About this exercise - Restate every record exactly as it is written, while omitting the pictures it holds.

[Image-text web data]
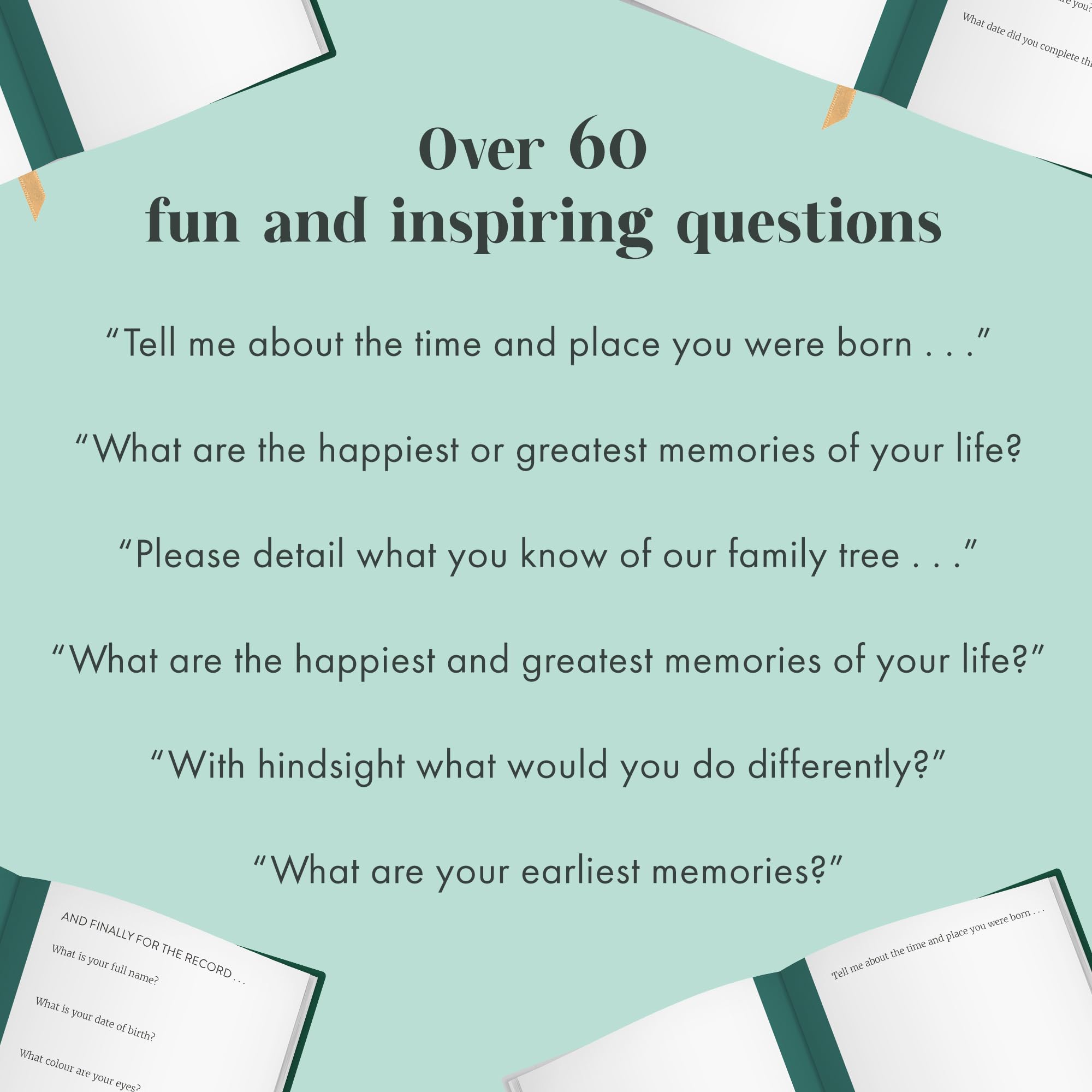 FROM YOU TO ME Dear Grandad, from you to me Memory Journal | Hardcover Notebook | English 5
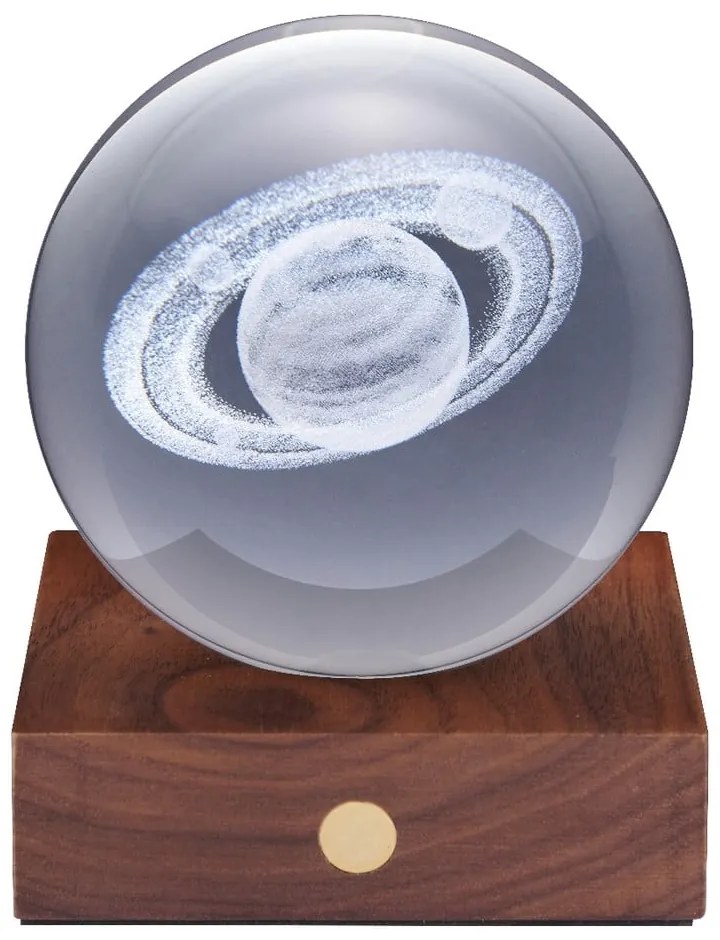 Tmavohnedá svetelná dekorácia na USB Amber – Gingko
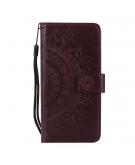 Shop4 - Samsung Galaxy A32 Hoesje - Wallet Case Mandala Patroon Donker Bruin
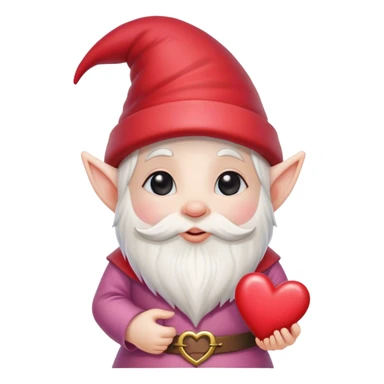 An adorable little Valentine’s Day style gnome with a heart sticker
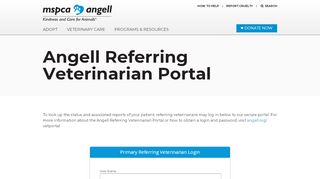 
                            1. Angell Referring Veterinarian Portal • MSPCA-Angell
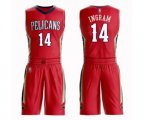 New Orleans Pelicans #14 Brandon Ingram Swingman Red Basketball Suit Jersey Statement Edition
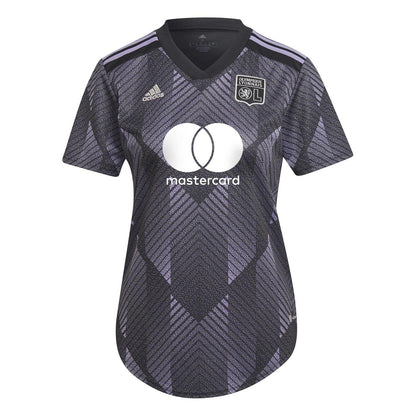 Black - Front - Adidas Womens-Ladies 2022-23 Olympique Lyonnais Third Jersey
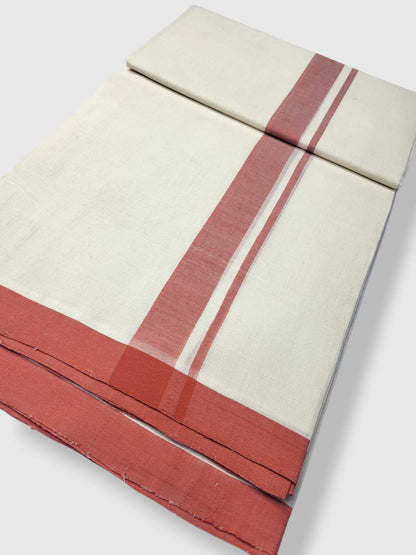 Kerala Balaramapuram Pure Cotton Handloom Mundu/Dhoti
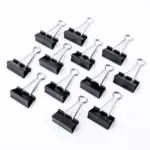 Deli Black Binder Clips - 12Pcs - Image 7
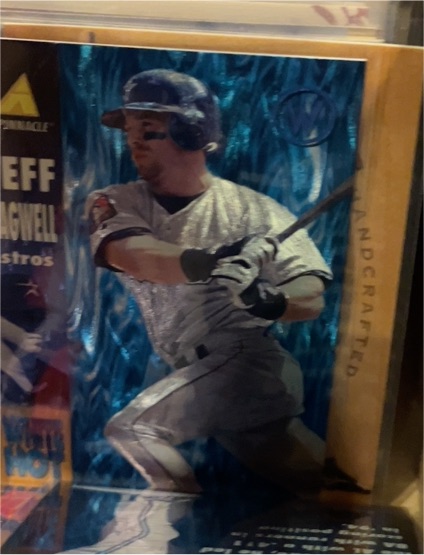 1995 Pinnacle Red Hot Jeff Bagwell #RH4 — front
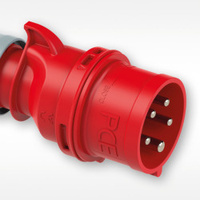 Wtyczka przenośna siłowa 16A 5P IP44 400V PCE 015-6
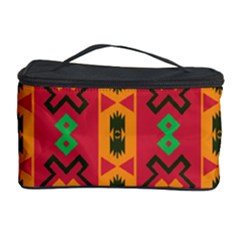 Tribal Shapes In Retro Colors                                 Cosmetic Storage Case by LalyLauraFLM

Worked solution -
 FROM YOU TO ME Dear Grandad, from you to me Memory Journal | Hardcover Notebook | English 5
 Tmavohnedá svetelná dekorácia na USB Amber – Gingko
 Shop4 - Samsung Galaxy A32 Hoesje - Wallet Case Mandala Patroon Donker Bruin
 An adorable little Valentine’s Day style gnome with a heart sticker
                            1. Angell Referring Veterinarian Portal • MSPCA-Angell
 New Orleans Pelicans #14 Brandon Ingram Swingman Red Basketball Suit Jersey Statement Edition
 Black - Front - Adidas Womens-Ladies 2022-23 Olympique Lyonnais Third Jersey
 Kerala Balaramapuram Pure Cotton Handloom Mundu/Dhoti
 Deli Black Binder Clips - 12Pcs - Image 7
 1995 Pinnacle Red Hot Jeff Bagwell #RH4 — front
 Wtyczka przenośna siłowa 16A 5P IP44 400V PCE 015-6
 Tribal Shapes In Retro Colors                                 Cosmetic Storage Case by LalyLauraFLM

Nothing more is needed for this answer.